Aux États-Unis, le régulateur boursier s'intéresse à une ICO lancée par un résident canadien. Celle-ci promet monts et merveilles à ses investisseurs, mais d'après enquête conjointe avec l'AMF québecoise, ses organisateurs ne seraient que des professionnels de l'esbrouffe financière.

Si vous suivez de près le milieu des crypto-monnaies, ou celui des ICO, vous avez probablement entendu parler de PlexCoin. L'initiative avait largement fait appel à la publicité sur les réseaux sociaux pour faire miroiter à d'éventuels investisseurs des rendements incroyables, de l'ordre de 1 354 % en seulement 29 jours. Une promesse trop belle pour être vraie, comme on pouvait facilement s'en douter. 

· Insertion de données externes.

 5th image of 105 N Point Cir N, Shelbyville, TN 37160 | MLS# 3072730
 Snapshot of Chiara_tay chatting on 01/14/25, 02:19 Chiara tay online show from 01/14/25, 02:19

La SEC, le gendarme boursier américain s'est donc penché sur ce cas qui à première vue avait tout l'air d'une arnaque, et est arrivée à la conclusion suivante : PlexCoin en est bien une, et d'assez grande ampleur, puisque ses organisateurs sont parvenus à collecter plus de 15 millions de dollars. Une somme rondelette. 

Outre la promesse initiale, plusieurs éléments facilement retraçables ont permis à la SEC de vérifier à qui ils avaient affaire. Des précautions simples que n'importe quel investisseur, y compris en crypto-monnaies, devrait prendre avant de débourser des milliers de dollars dans l'espoir d'un gain quelconque. 

L'organisateur est un fraudeur multi-récidiviste

Dans sa plainte, la SEC explique être allée sur le site web de PlexCoin afin de voir ce qu'il s'y racontait. On pouvait y lire que derrière PlexCoin, on retrouvait PlexCorps, une entreprise « regroupant quarante personnes (développeurs, ingénieurs, spécialistes des crypto-monnaies...) toutes indépendantes, réparties partout dans le monde et orientées vers le même but : rendre accessible les crypto-services (sic) ».

L'identité de ces quarante âmes était tenue secrète. PlexCorps ne souhaitait pas les révéler pour « s'assurer que personne ne se fera harceler sur les réseaux sociaux ou recruté par d'autres entreprises du secteur des crypto-monnaies et éviter que le concept de PlexCorps soit copié ». Sur Facebook, la société va jusqu'à revendiquer plusieurs recrutements portant le total de ses effectifs à 48 personnes.

En réalité, il n'y a que deux personnes derrière le projet. Un couple formé de Dominic Lacroix, 35 ans, résidant à Québec, sujet à de multiples procédures au Canada pour des activités financières frauduleuses, et Sabrina Paradis-Royer, 26 ans, résidant également à Québec, elle aussi sous le coup de procédures diverses dans les mêmes domaines.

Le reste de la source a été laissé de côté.